Regardless of database size, FTP is the standard method to receive and return bibliographic and authority record files. A portal for file transfer is available here on LTI's website.
Data verification checks are made during and immediately after the transfer of records to LTI's computers to ensure that records are properly formatted in the USMARC communications format. Checks are also made to ensure that the record directories only contain numbers, that controlled heading fields do not contain non-MARC characters, etc.
Setting of non-filing indicators in eight title fields is one of several pre-authority control processing operations.
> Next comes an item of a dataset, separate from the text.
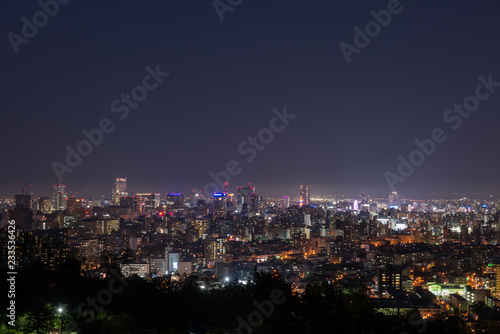 札幌の夜景 © ktktmik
Non-filing indicators specify the number of initial characters to be ignored during computer filing.
For the title field (tag 245), the only title field to which the language code generally applies, articles associated with the fixed field language code are compared against the initial text in the title field. Based on this comparison, the non-filing indicator is set to 0, if no match is made, or to its proper matched value. The program takes into account diacritics and special characters associated with an article, but preceding the first actual filing character.
If the fixed field language code in bytes 35-37 of the 008 is either blank or does not match a language code, the algorithm compares the title (245) field's initial text against a table of common articles, composed from any languages, and sets the non-filing indicator to its proper value or to 0 as appropriate.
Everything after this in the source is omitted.